The Vietnamese bots:
site-log !^social | asn-access-log 45899 | log-request | rank-lines
74 /nobots
3 /emacs/?action=translate%3Bid%3Dmon-utils.el%3Bmissing%3Dde_es_fr_it_ja_ko_pt_ru_se_uk_zh
3 /emacs/?action=translate%3Bid%3DComments_on_SuperCollider%3Bmissing%3Dde_en_es_fr_it_ja_ko_pt_ru_se_uk_zh
3 /emacs/?action=translate%3Bid%3DComintModes%3Bmissing%3Dde_es_fr_it_ja_ko_pt_ru_se_uk_zh
3 /emacs/?action=edit%3Bid%3DCustomizeNewGUI
3 /emacs/?action=browse%3Bdiff%3D2%3Bid%3DDialog
3 /emacs/?action=admin%3Bid%3DApplyingPatches
2 /emacs/wang1zhen
2 /emacs/Comments_on_zenburn.el
2 /emacs?action=translate%3Bid%3DVbsReplMode%3Bmissing%3Dde_en_es_fr_it_ja_ko_pt_ru_se_uk_zh
Looks like they're following all the links, so a misbehaved bot, if you ask me. They're "hitting all the buttons" on the web app. The relevant part of `robots.txt`:
User-agent: *
Crawl-delay: 240
Disallow: /emacs?action=
The Chinese bots:
site-log !^social | asn-access-log 45102 | log-request | rank-lines
306 /robots.txt
12 /wiki?action=rc%3Brcfilteronly%3D%222005-10-06%22
12 /wiki?action=history%3Bid%3D2005-10-06
12 /wiki?action=edit%3Bid%3DMoneyPooling
12 /wiki?action=edit%3Bid%3DDorfWiki
12 /wiki?action=edit%3Bid%3DBarnstarSharing
12 /wiki?action=edit%3Bid%3D2005-10-06
12 /wiki?action=define%3Bname%3DMoneyPooling
12 /wiki?action=define%3Bname%3DBarnstarSharing
12 /wiki?action=browse%3Bdiff%3D2%3Bid%3D2005-10-06
Looks like they're following all the links, so a misbehaved bot as well.
Again, the relevant part of `robots.txt`:
User-agent: *
Crawl-delay: 240
Disallow: /wiki
The German bots actually make reasonable requests:
site-log !^social | asn-access-log 24940 | log-request | rank-lines
90 /view/2025-06-16-ban-asn
52 /
50 /view/index
41 /rpg/feed.xml
29 /admin/ban-cidr
16 /view/index.rss
15 /emacs?action=rss
10 /robots.txt
8 /wiki/feed/full/
8 /osr/feed.xml
Let's see what sort of user agents we see. I'm expecting feed readers.

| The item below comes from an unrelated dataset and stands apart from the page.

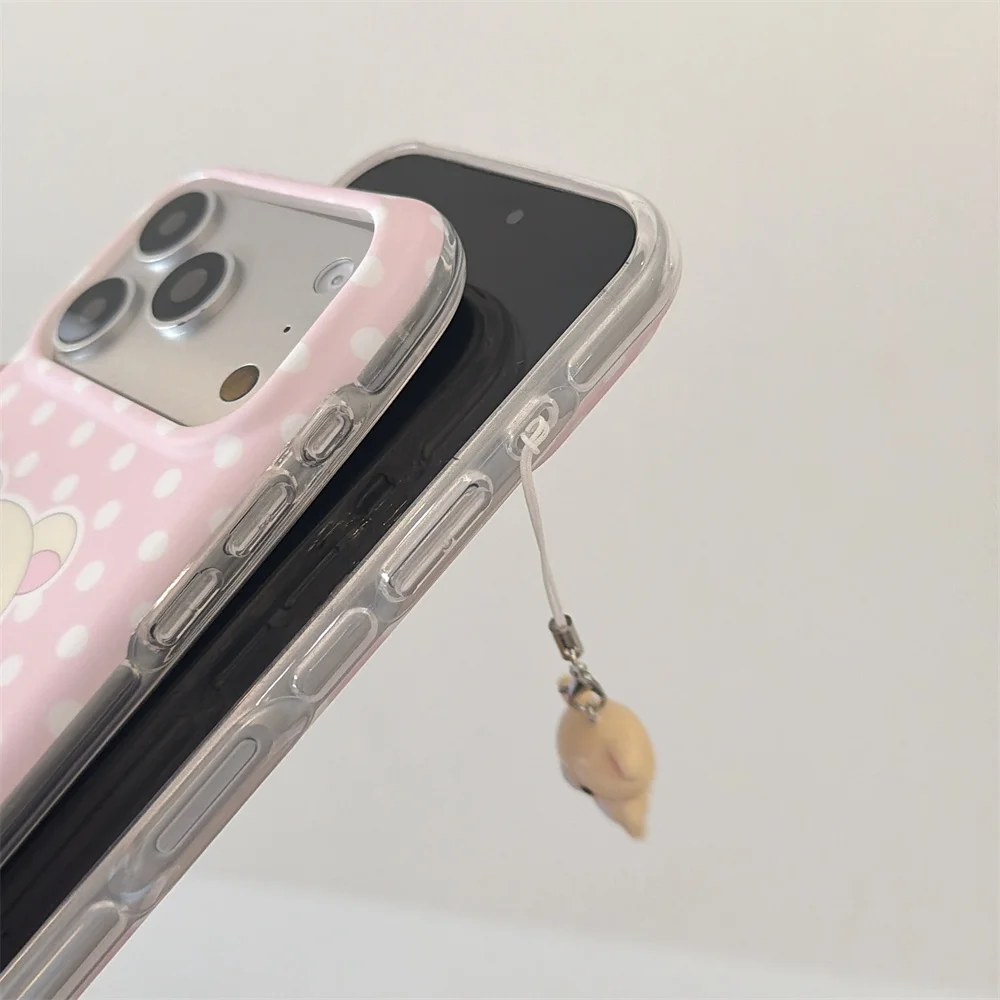 Charming Pink Polka Dot Rilakkuma Phone Case with Kawaii Charm & Shockproof Protection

site-log !^social | asn-access-log 24940 | log-user-agent | rank-lines
46 NewsBlur Page Fetcher
36 Mozilla/5.0 (Macintosh; Intel Mac OS X 10_15_7) AppleWebKit/537.36 (KHTML, like Gecko) Chrome/104.0.0.0 Safari/537.36
32 NewsBlur Feed Fetcher
23 fiperbot/0.1 (+https://www.fiper.net)
21 Mozilla/5.0 (compatible; DataForSeoBot/1.0; +https://dataforseo.com/dataforseo-bot)
15 AwarioSmartBot/1.0 (+https://awario.com/bots.html; bots@awario.com)

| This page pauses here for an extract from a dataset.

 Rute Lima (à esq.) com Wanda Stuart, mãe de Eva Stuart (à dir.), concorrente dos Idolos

9 Mozilla/5.0 (X11; Ubuntu; Linux x86_64; rv:60.0) Gecko/20100101 Firefox/60.0
8 MyNewspaper Agent 1.0
8 Akkoma 3.9.3-0-g9d7c877; https://social.raccoon.college <admin@raccoon.college>, Akkoma 3.9.3-0-g9d7c877; https://social.raccoon.college <admin@raccoon.college>; Bot
7 Mozilla/5.0 (Windows NT 10.0; Win64; x64) AppleWebKit/537.36 (KHTML, like Gecko) Chrome/101.0.4951.64 Safari/537.36 Edg/101.0.1210.47
The one that stands out is "DataForSeoBot". But it seems that this is not a problem. I already have this bot in my Apache config (as seen on 2025-03-21 A summary of my bot defence systems). Still, *booo!* Hetzner for hosting this bot.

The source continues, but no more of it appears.